The branded, lower end of the market usually has some pretty obvious winners and is generally more straightforward to call. But ask retailers about high-end fine jewellery sales and most will tell you the biggest trend from the last three years is that there is no trend. One slightly disgruntled buyer said to me: “They want anything I’ve not got in stock”.
This has been an unfortunate development; it seems that the already discerning consumer has become increasingly harder to please through these difficult times. You have her perfect sapphire ring in 18ct white gold, she only wears platinum; they love the nicest emerald you’ve seen in five years, but could you get a couple more just a tiny bit smaller. How often do you hear ‘We’ve decided we want the main diamond from this ring, with the shoulder stones from that ring, but set like the one in this picture – oh, and our big engagement party is this Saturday’ . These are testing times indeed.
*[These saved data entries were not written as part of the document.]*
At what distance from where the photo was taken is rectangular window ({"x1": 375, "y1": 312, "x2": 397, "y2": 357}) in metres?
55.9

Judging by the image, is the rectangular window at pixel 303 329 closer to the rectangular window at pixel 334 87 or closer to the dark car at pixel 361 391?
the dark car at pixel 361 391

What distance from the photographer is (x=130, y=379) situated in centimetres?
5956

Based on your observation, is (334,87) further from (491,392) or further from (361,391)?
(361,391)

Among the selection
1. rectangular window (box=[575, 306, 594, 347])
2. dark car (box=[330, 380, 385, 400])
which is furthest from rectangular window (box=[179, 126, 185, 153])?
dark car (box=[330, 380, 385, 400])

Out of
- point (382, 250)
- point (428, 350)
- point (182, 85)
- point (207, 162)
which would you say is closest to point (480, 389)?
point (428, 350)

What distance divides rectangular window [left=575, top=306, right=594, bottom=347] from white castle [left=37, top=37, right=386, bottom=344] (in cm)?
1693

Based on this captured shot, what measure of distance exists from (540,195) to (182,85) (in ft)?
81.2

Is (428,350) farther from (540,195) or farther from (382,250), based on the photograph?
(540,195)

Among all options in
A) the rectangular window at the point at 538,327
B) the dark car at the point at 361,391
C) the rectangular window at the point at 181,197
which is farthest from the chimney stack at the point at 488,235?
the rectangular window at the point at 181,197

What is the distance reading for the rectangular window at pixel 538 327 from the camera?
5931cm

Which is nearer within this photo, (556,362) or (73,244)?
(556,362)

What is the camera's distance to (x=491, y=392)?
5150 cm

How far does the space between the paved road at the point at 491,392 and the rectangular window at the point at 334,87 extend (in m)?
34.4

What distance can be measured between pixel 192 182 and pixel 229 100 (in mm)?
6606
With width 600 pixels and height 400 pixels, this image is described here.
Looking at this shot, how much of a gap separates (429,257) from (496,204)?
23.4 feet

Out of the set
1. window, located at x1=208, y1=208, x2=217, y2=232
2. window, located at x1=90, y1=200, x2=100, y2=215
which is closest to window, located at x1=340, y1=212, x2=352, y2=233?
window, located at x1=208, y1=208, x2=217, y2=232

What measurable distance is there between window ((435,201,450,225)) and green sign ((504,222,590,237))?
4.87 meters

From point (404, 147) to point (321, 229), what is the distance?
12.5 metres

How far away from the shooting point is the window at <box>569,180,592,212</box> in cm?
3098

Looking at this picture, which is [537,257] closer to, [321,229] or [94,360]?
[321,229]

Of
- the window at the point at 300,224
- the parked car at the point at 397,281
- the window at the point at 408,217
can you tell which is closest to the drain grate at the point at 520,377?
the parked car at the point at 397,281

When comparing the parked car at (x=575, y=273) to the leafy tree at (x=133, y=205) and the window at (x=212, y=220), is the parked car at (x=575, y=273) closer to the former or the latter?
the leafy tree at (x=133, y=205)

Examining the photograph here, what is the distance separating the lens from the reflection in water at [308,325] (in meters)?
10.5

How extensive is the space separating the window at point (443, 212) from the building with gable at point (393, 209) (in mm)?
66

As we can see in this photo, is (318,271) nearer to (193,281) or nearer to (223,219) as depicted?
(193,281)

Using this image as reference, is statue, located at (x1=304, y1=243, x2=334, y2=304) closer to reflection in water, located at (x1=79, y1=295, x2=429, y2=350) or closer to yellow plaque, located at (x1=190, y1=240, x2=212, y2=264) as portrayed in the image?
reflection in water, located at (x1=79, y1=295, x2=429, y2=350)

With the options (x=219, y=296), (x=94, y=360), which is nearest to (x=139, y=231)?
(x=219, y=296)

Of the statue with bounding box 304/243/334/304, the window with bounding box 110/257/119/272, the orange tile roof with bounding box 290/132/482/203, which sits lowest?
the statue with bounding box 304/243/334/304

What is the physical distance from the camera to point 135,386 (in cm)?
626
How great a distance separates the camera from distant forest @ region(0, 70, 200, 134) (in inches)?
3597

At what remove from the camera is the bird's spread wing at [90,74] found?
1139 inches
But the combined efforts of retailer and supplier in successfully and speedily meeting these discerning needs will no doubt bring rewards. Bespoke jewellery sales are growing very quickly – our in-house CAD designer has never been busier – so this Christmas it seems more important than ever to have UK-based suppliers with the capabilities and fast turnaround to meet these demands.
It seems that the consumer is now looking for something that little bit different, even if it is an off-the-shelf purchase. Sales of less common gemstones are on the rise; Paraiba tourmaline, the neon blue-green gem from Brazil and Mozambique, always hooks customers with its rarity value. Equally rare Padparadscha sapphires are also likely to create great interest. Lightening Ridge Black opals seem to have a magnetic effect on jewellery lovers and chocolate brown diamonds will appeal to the customer seeking an engagement ring with that must-have point of difference.
These stones, set in non-standard settings with a little more design or some fine fancy shaped diamonds, will no doubt attract the right kind of buyers. They also allow the retailer a more generous margin while setting them apart from multiple or online jewellery retailers.
The bespoke theme continues, as Ascot fine jewellery retailer Tom French reports: “We are seeing more and more customers wanting to be involved in the design of a bespoke piece or buying one-off designs from our window.”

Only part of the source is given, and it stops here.